Visual-RRT: Finding Paths toward Visual-Goals via Differentiable Rendering

arXiv cs.RO / 4/21/2026

📰 NewsDeveloper Stack & InfrastructureModels & Research

Key Points

  • The paper introduces Visual-RRT (vRRT), a motion-planning method that performs visual-goal planning when target configurations are given as images or videos instead of explicit joint angles.
  • vRRT combines sampling-based exploration from Rapidly-exploring Random Trees (RRTs) with gradient-based exploitation using differentiable robot rendering.
  • It proposes a frontier-based exploration-exploitation strategy that adaptively emphasizes visually promising regions during search.
  • It also presents inertial gradient tree expansion, which reuses optimization states across branches to keep gradient exploitation consistent (momentum-like behavior).
  • Experiments on multiple robot manipulators (including Franka, UR5e, and Fetch) show the approach works in both simulation and real-world settings, and the authors provide an open-source code repository.

Abstract

Rapidly-exploring random trees (RRTs) have been widely adopted for robot motion planning due to their robustness and theoretical guarantees.

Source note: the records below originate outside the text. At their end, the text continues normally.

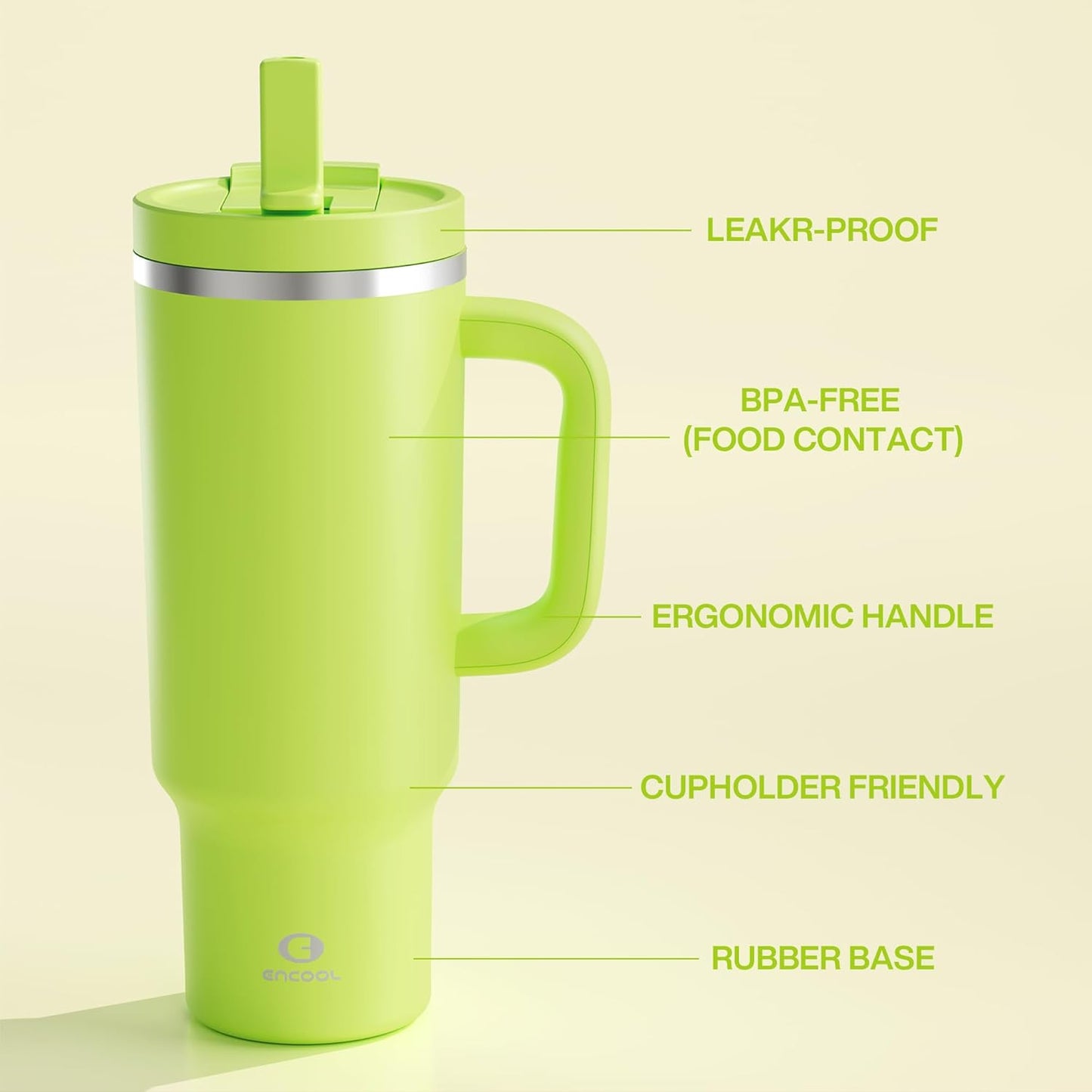 40 oz Tumbler with Handle and Straw: Stainless Steel Insulated Tumbler Keeps Cold for 24 Hours, Leakproof Travel Cup Fits in Cup Holder and BPA-Free,Sharp Green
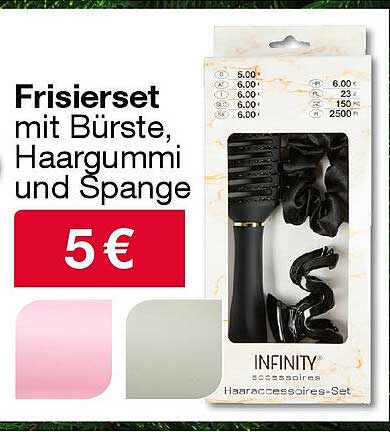 Frisieret mit Bürste, Haargummi und Spange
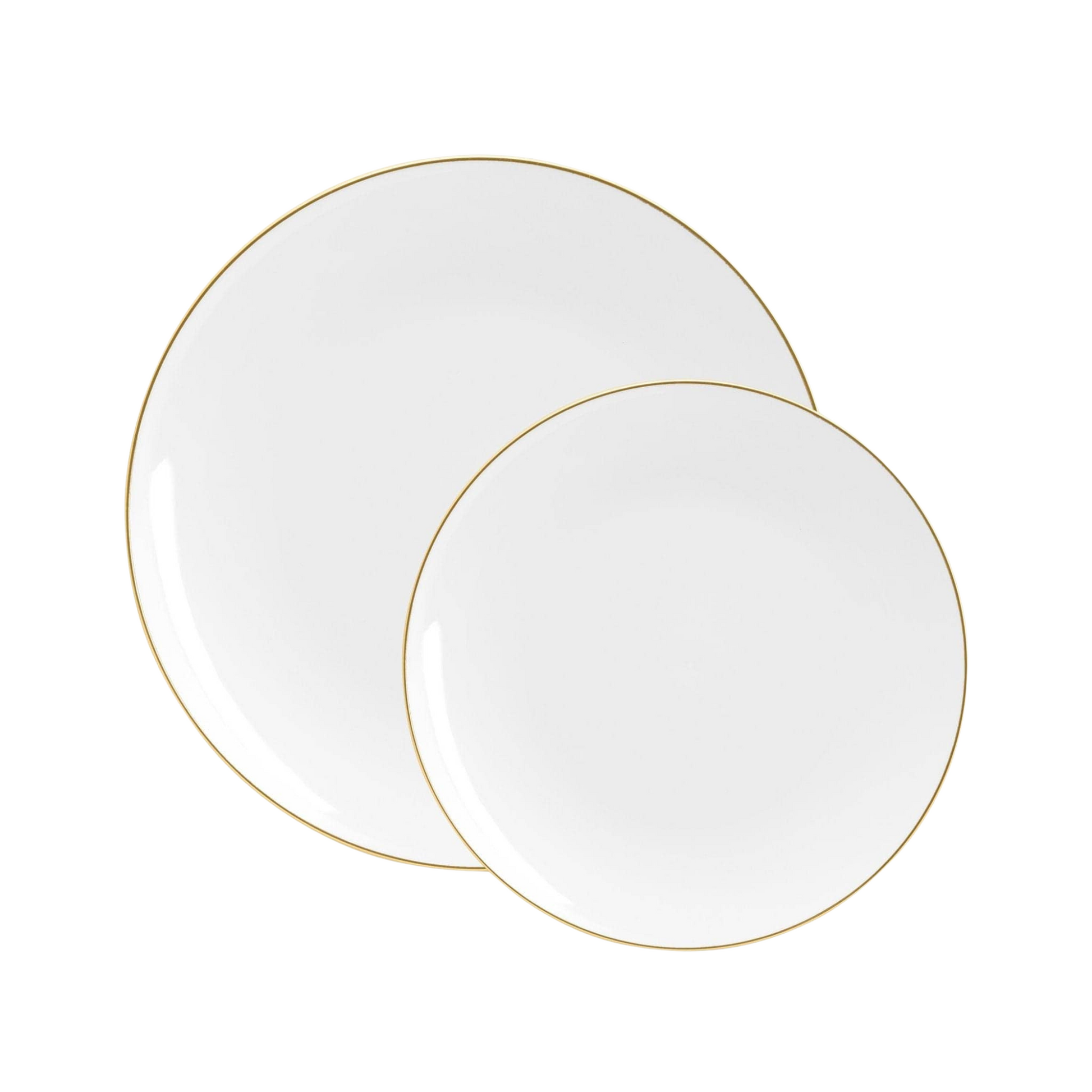 white and gold reusable dessert plates - pack of 10
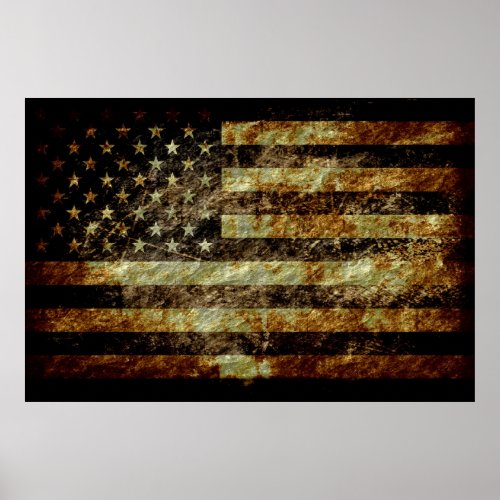 Grunge American Flag Poster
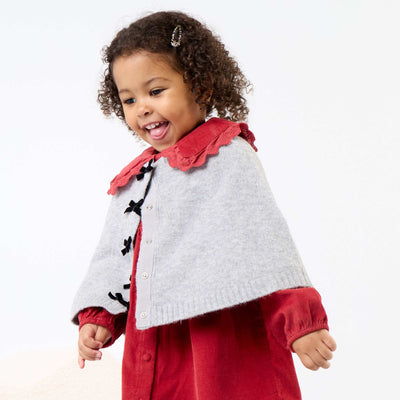Knit Cape with Velvet Bows GREY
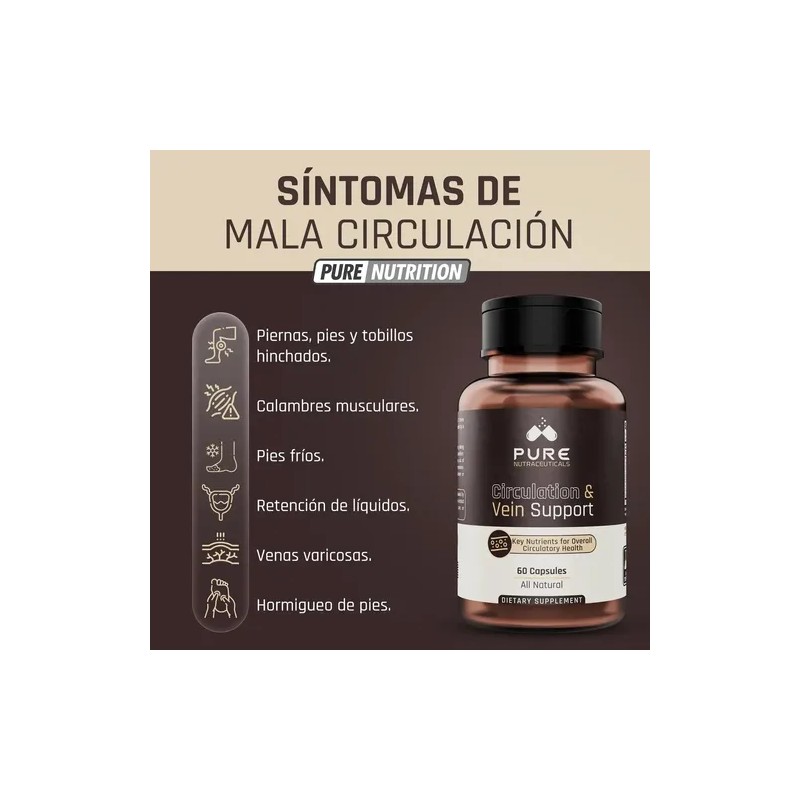 Varices,circulacion,arginina,60 Caps Formula Avanzada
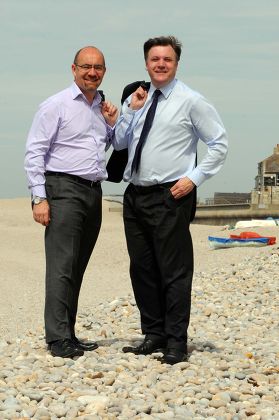 Ed Balls and Jim Knight on Chesil Beach, Dorset, Britain - 28 Apr 2010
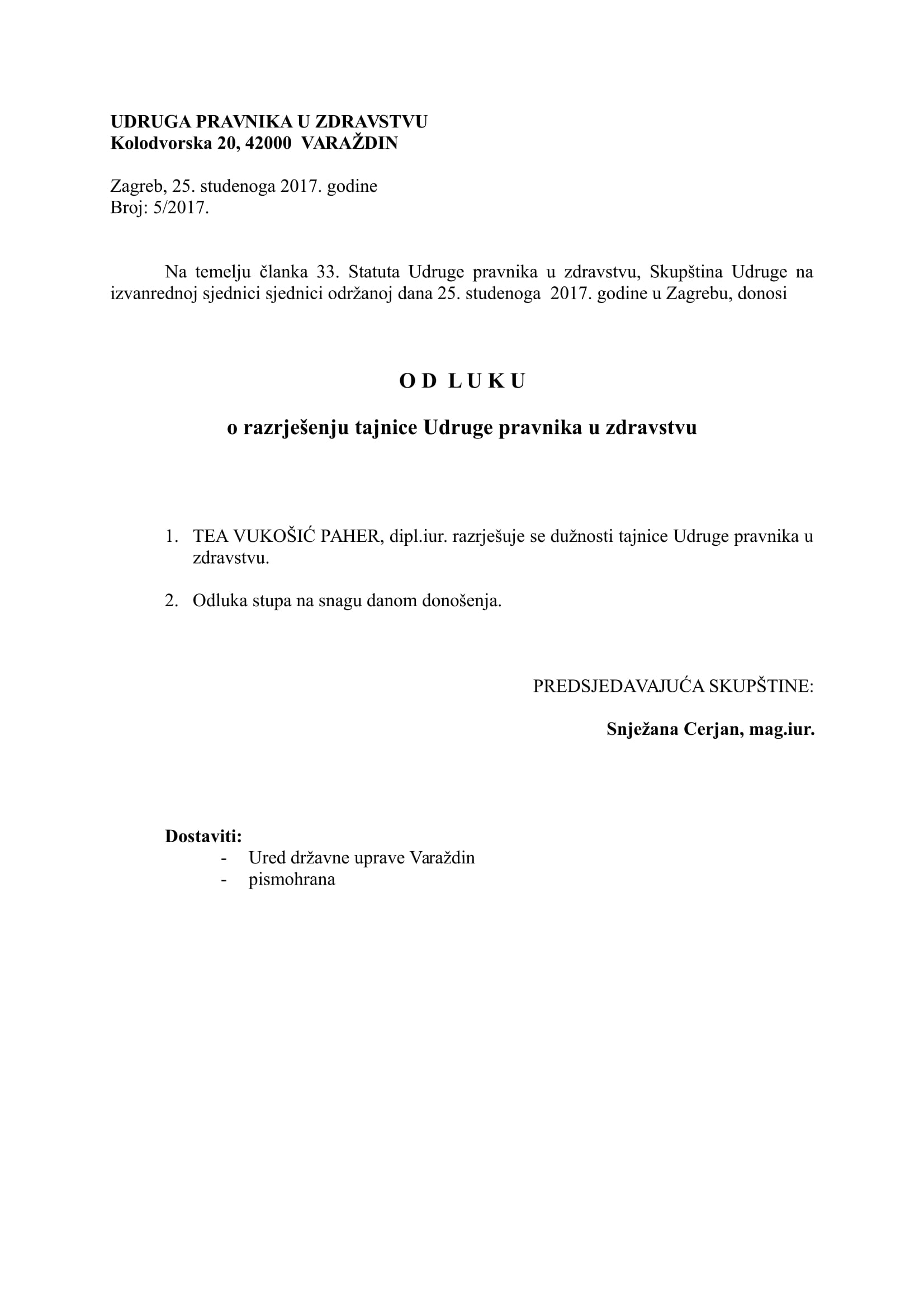 2017 Odluka o razrješenju tajnika 1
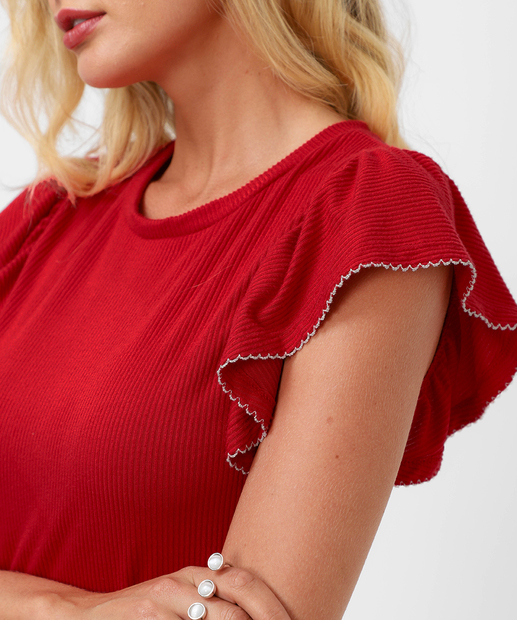 Blusa Feminina Canelada Picueta Marisa Vermelho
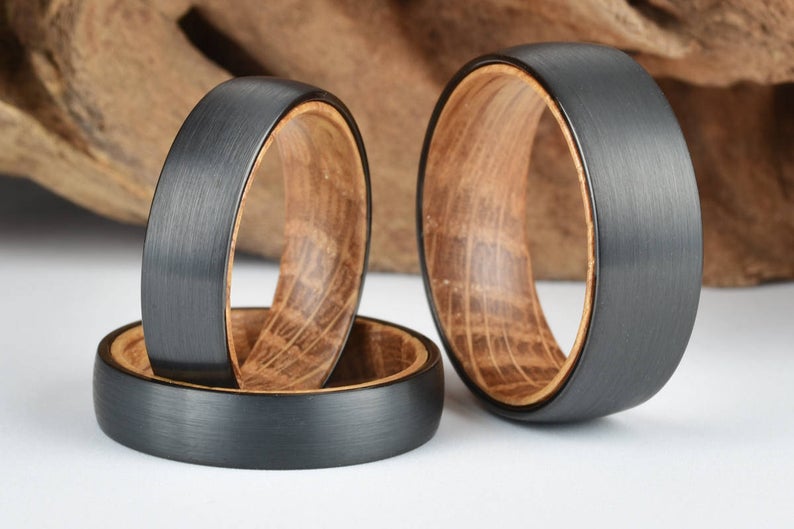 men's rings made from tungsten and whiskey barrel wood  - gift for him, gift for men, 
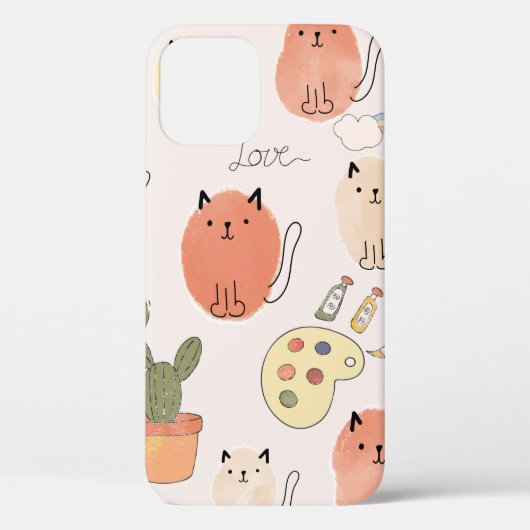 かわいい猫の継ぎ目のない柄 Case-Mate iPhoneケース (裏面)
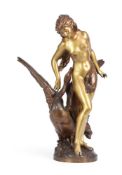AFTER MATHURIN MOREAU, A GILT AND PATINATED BRONZE FIGURE OF 'LEDA AND THE SWAN'
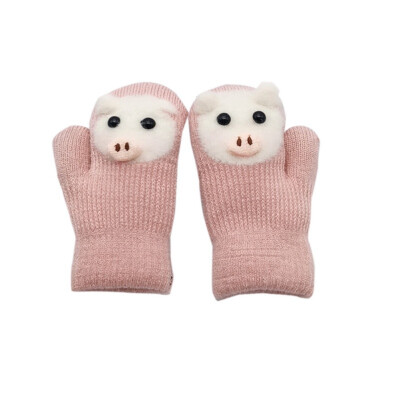 

Kids Gloves Winter Cartoon Rabbit Children Thicken Warm Gloves Girls Cute Full Fingers Rabbit Hair Wool Mittens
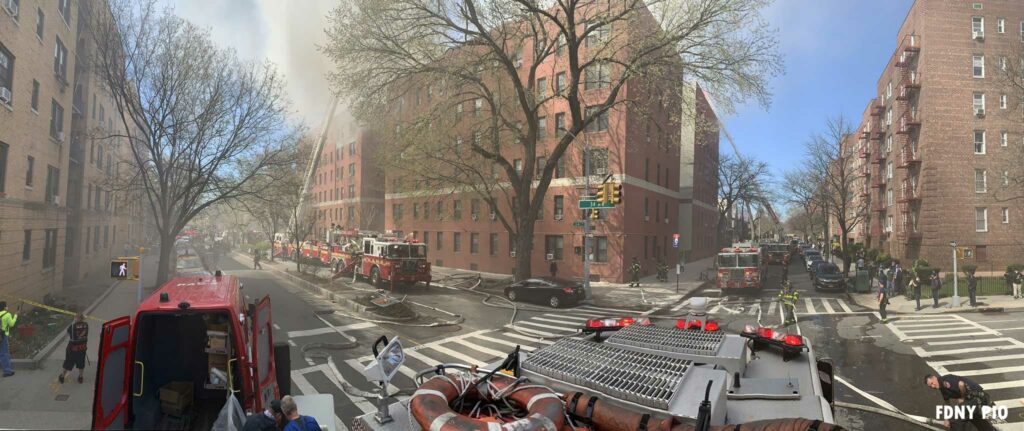 View of multiple sides of the building and FDNY rigs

However, existing RRT-based planners require explicit goal configurations specified as numerical joint angles, while many practical applications provide goal specifications through visual observations such as images or demonstration videos where precise goal configurations are unavailable. In this paper, we propose visual-RRT (vRRT), a motion planner that enables visual-goal planning by unifying gradient-based exploitation from differentiable robot rendering with sampling-based exploration from RRTs. We further introduce (i) a frontier-based exploration-exploitation strategy that adaptively prioritizes visually promising search regions, and (ii) inertial gradient tree expansion that inherits optimization states across tree branches for momentum-consistent gradient exploitation. Extensive experiments across various robot manipulators including Franka, UR5e, and Fetch demonstrate that vRRT achieves effective visual-goal planning in both simulated and real-world settings, bridging the gap between sampling-based planning and vision-centric robot applications. Our code is available at https://sgvr.kaist.ac.kr/Visual-RRT.